Except that – she thought – it had started when Frank rang his bell, and it would have happened wherever she was, whenever she heard it. She thought. It wasn't the trees to blame. She was no more afraid here than anywhere – or just as much, which came to the same thing in the end.

Her clothes were splashed with wax, like a vivid confession; her sandals were slimy with the stuff. She wanted to sit and pick her feet, peel wax away like dead skin. She'd like to bathe and change, if she could find something clean to wear. She'd like to hide the evidence, whether or not.
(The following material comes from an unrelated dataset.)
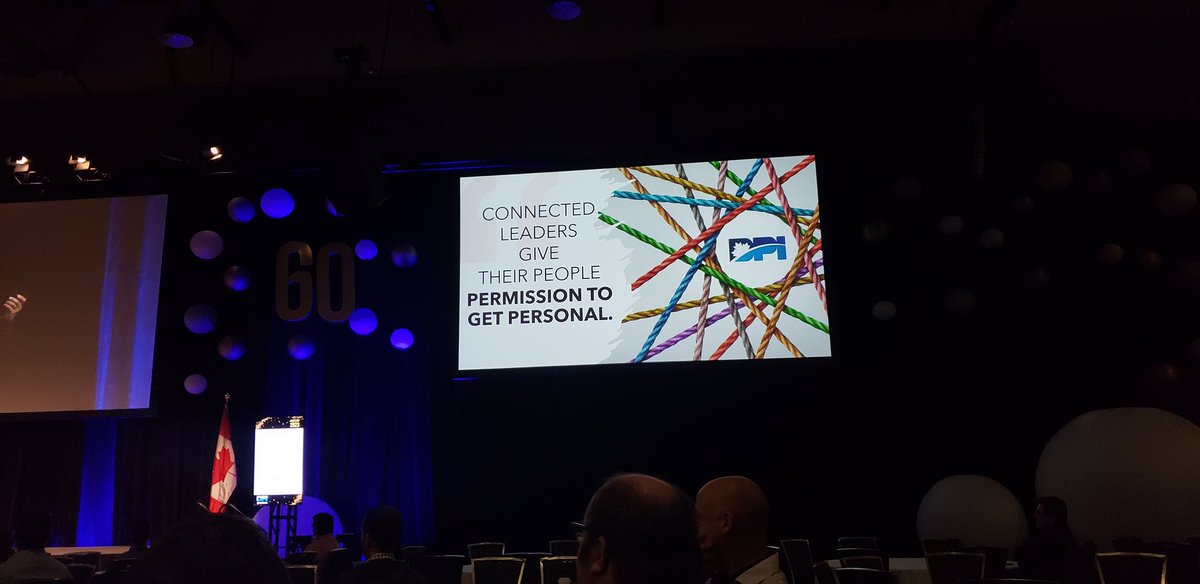 pomaluk's tweet photo. Great keynote session this morning with @RiazMeghji at @dpi_canada on the power of human connection #PDW_SPP https://t.co/X3F2ZIOU1X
She came on to the drive with nothing else in her head, blessedly free of premonitions or memories in the cool shadows under the trees. Dressed in guilt and wanting only to be free of it, she turned towards the house – and heard a car coming, and stepped back into the leaf litter before she saw it, before she could even think how unexpected that was.

She knew the car as soon as she saw it, perhaps even before she saw it. There was only the one car up at the house, though she supposed they might have had visitors. It might have been a new recruit, brought by a taxi that was now returning. Or it might have been a police raid, against all the drugs in the house; or an old shipmate of the captain's, come to pay a call; or . . .

All sorts of things it might have been, but she didn't believe any of them, and she was right. The car that came bumping into sight around the curve of the drive was that same old Morris Traveller, without the ladders now but still gaudy, still decorated with strange symbols that she might guess to be letters of their new language. Still inhabited by two hairy people who honked cheerfully at her, slowed unexpectedly, stopped right where she stood.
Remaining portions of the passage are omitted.